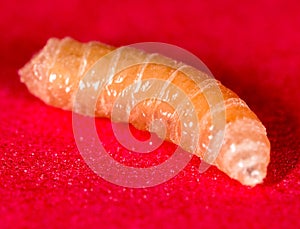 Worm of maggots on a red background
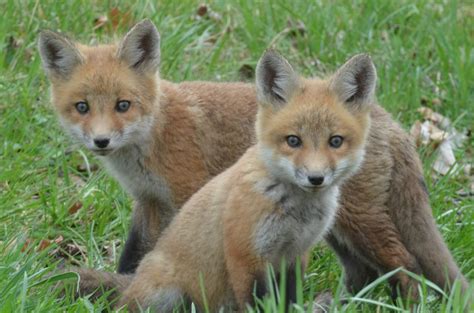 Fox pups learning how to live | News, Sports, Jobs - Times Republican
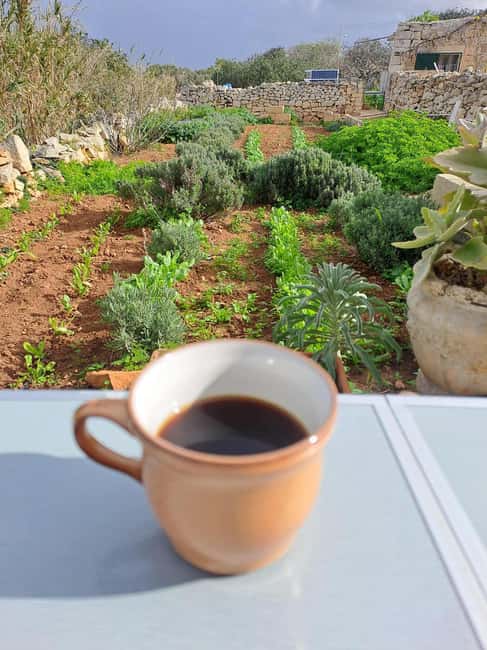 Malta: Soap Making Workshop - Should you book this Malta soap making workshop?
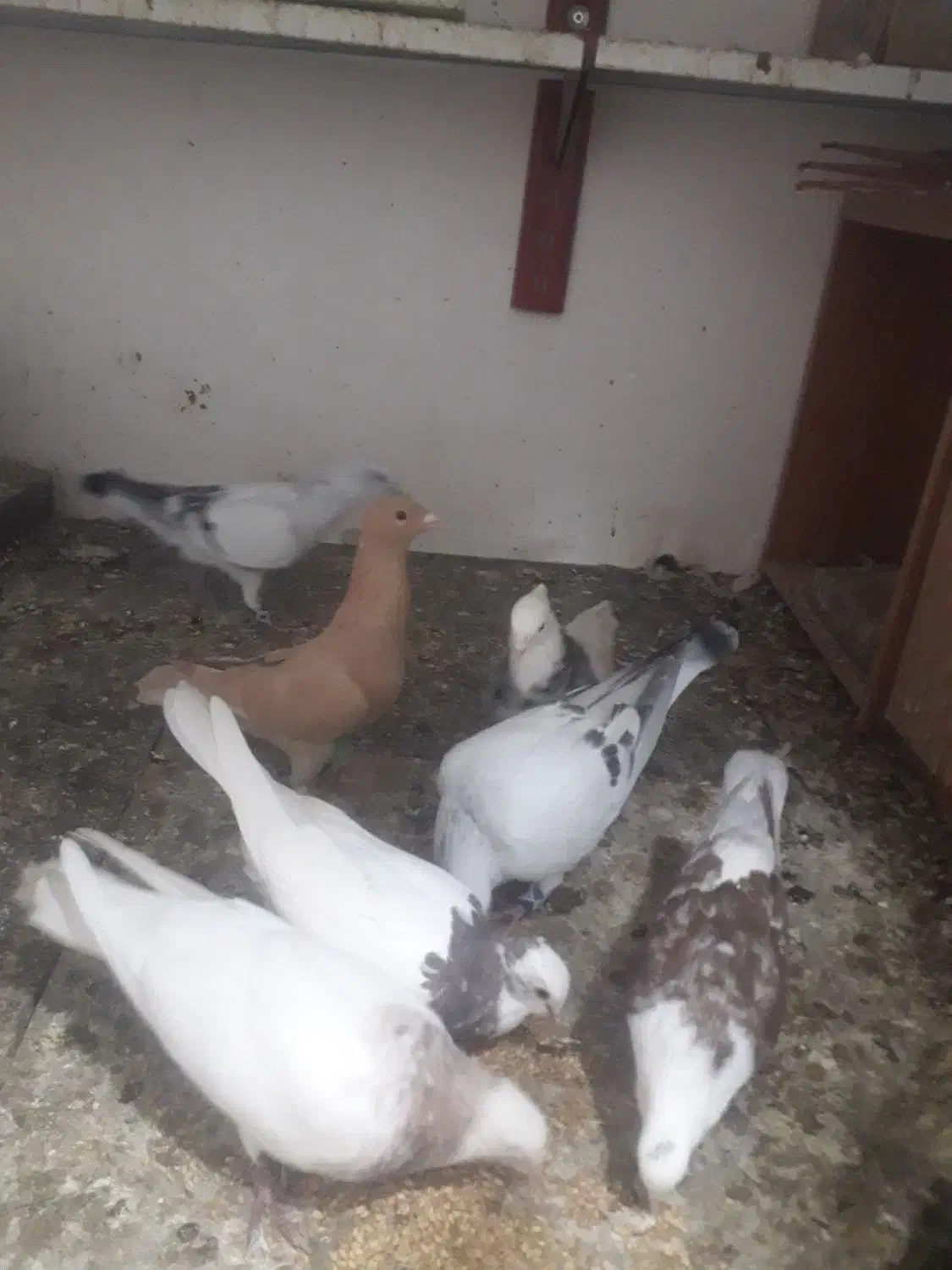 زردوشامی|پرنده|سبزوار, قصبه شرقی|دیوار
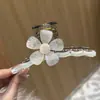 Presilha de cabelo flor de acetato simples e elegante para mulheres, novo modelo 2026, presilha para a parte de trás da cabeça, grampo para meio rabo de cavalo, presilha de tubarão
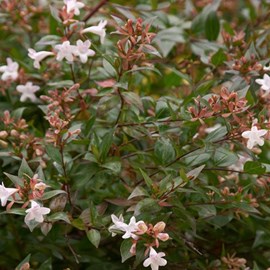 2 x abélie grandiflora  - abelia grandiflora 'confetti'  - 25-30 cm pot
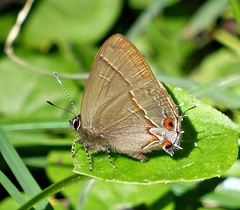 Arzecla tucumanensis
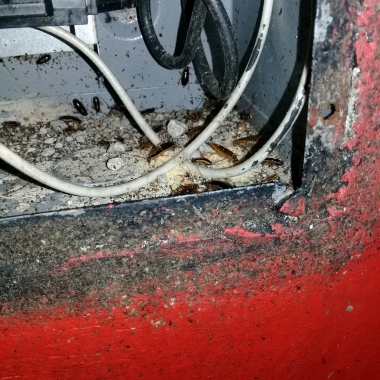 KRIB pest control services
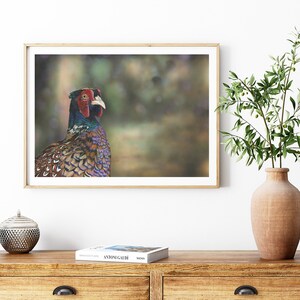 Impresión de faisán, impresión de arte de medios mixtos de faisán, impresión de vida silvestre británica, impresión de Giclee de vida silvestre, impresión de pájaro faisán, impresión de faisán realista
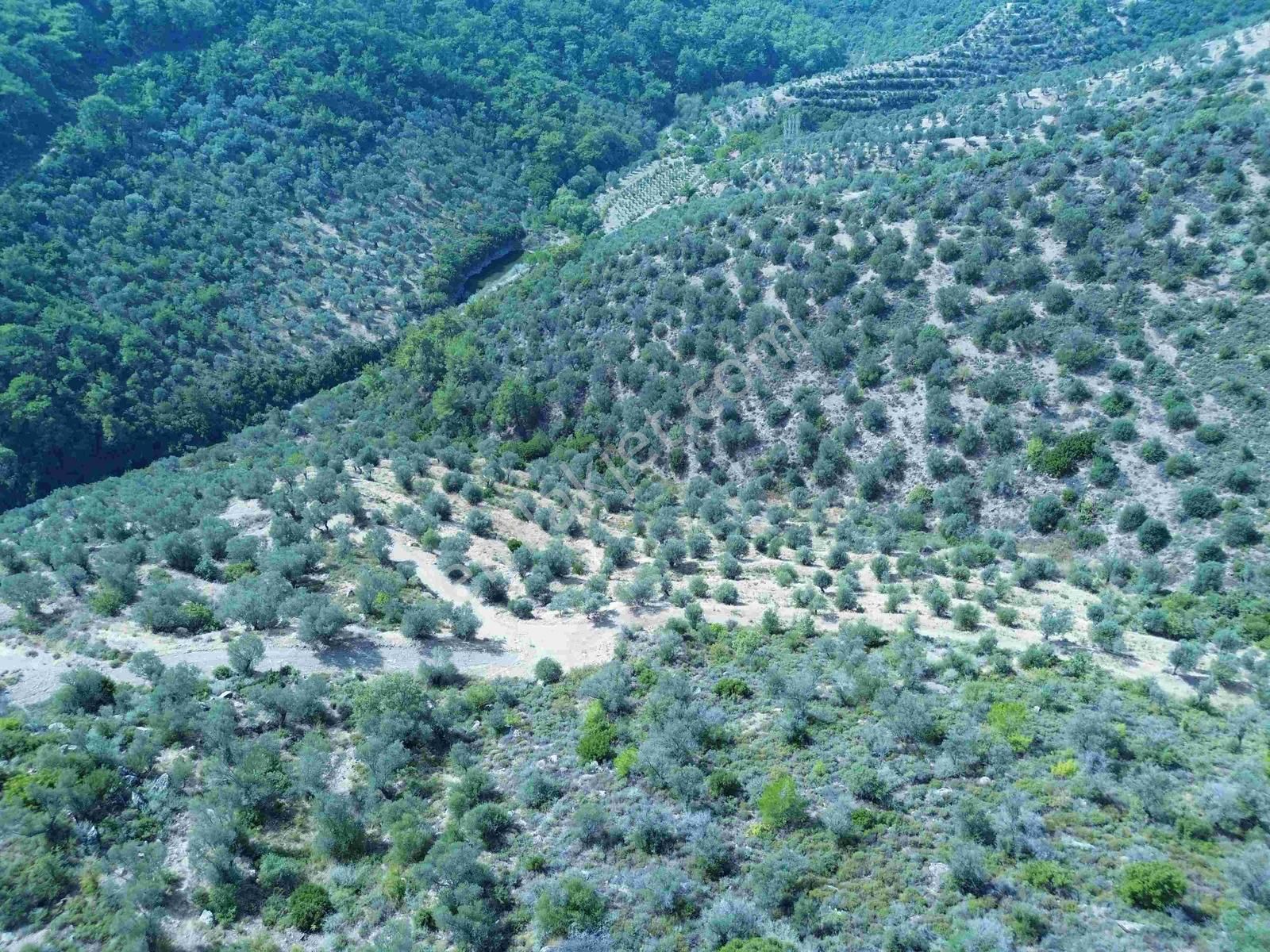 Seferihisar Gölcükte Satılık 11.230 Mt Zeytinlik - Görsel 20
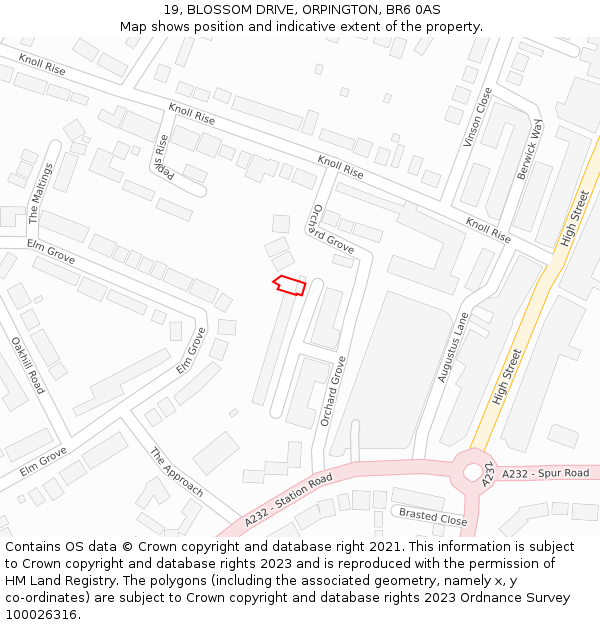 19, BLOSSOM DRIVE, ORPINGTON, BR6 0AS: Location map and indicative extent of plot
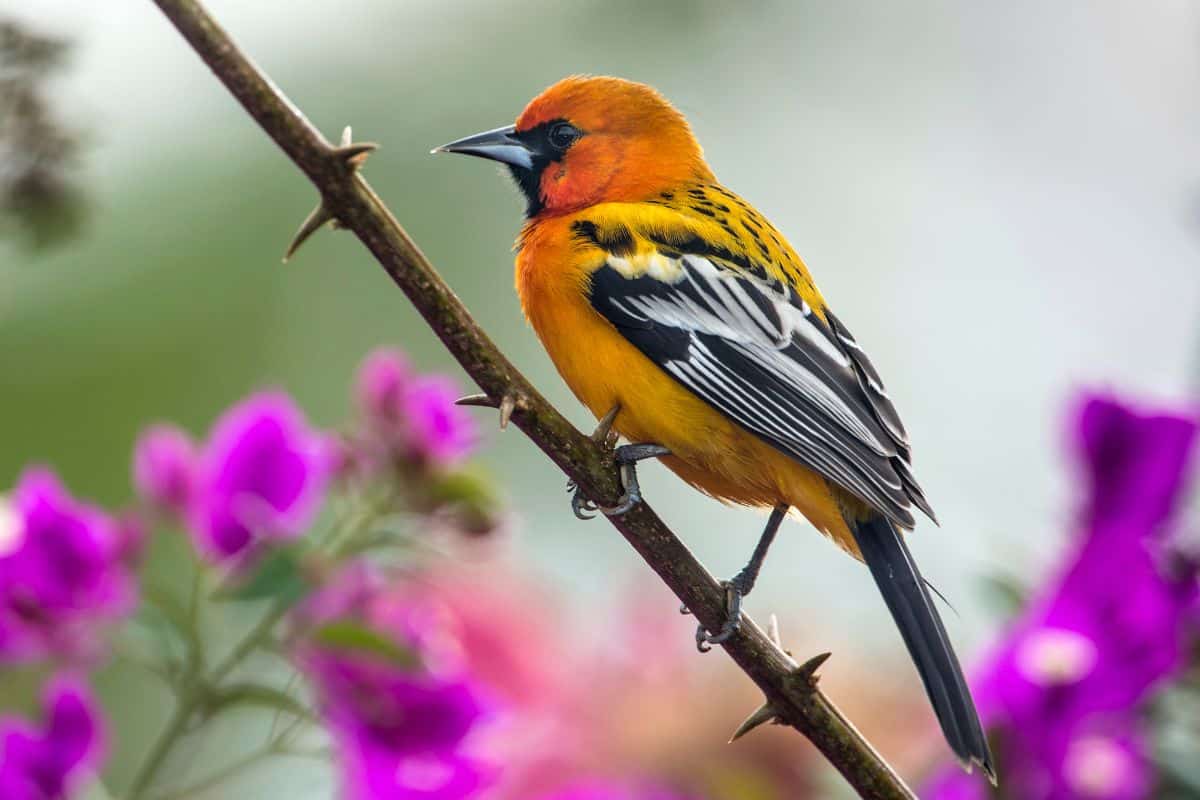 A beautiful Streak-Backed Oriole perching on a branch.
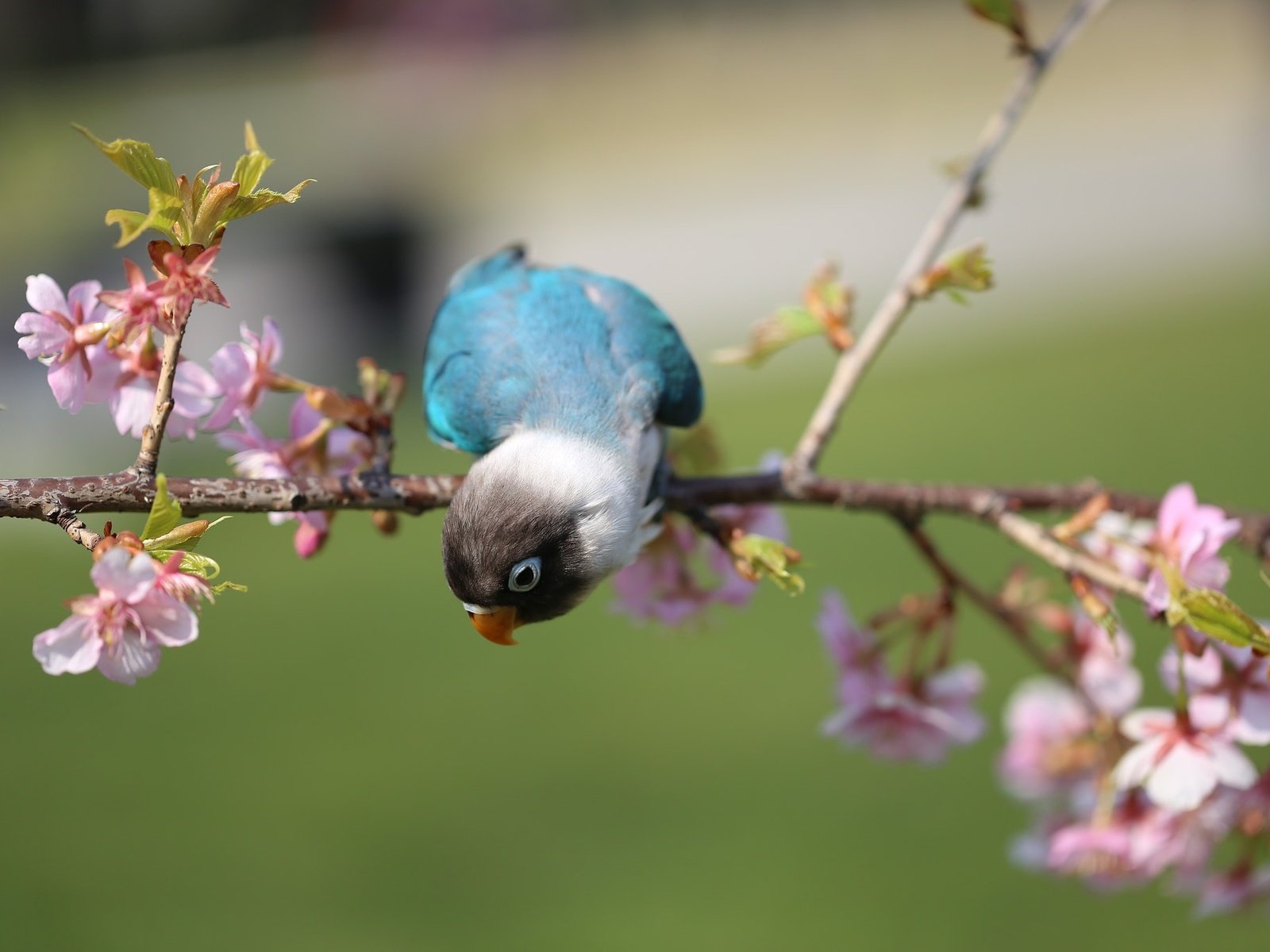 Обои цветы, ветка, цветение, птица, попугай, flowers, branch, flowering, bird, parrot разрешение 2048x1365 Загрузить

--------

- [YOUR ASSIGNMENT]
The whole listing, minus its images, should be repeated exactly.

- [FINISHED TASK]
 Worm of maggots on a red background
 Fox pups learning how to live | News, Sports, Jobs - Times Republican
 Malta: Soap Making Workshop - Should you book this Malta soap making workshop?
 زردوشامی|پرنده|سبزوار, قصبه شرقی|دیوار
 Presilha de cabelo flor de acetato simples e elegante para mulheres, novo modelo 2026, presilha para a parte de trás da cabeça, grampo para meio rabo de cavalo, presilha de tubarão
 2 x abélie grandiflora  - abelia grandiflora 'confetti'  - 25-30 cm pot
 Arzecla tucumanensis
 KRIB pest control services
 Impresión de faisán, impresión de arte de medios mixtos de faisán, impresión de vida silvestre británica, impresión de Giclee de vida silvestre, impresión de pájaro faisán, impresión de faisán realista
 Seferihisar Gölcükte Satılık 11.230 Mt Zeytinlik - Görsel 20
 19, BLOSSOM DRIVE, ORPINGTON, BR6 0AS: Location map and indicative extent of plot
 A beautiful Streak-Backed Oriole perching on a branch.
 Обои цветы, ветка, цветение, птица, попугай, flowers, branch, flowering, bird, parrot разрешение 2048x1365 Загрузить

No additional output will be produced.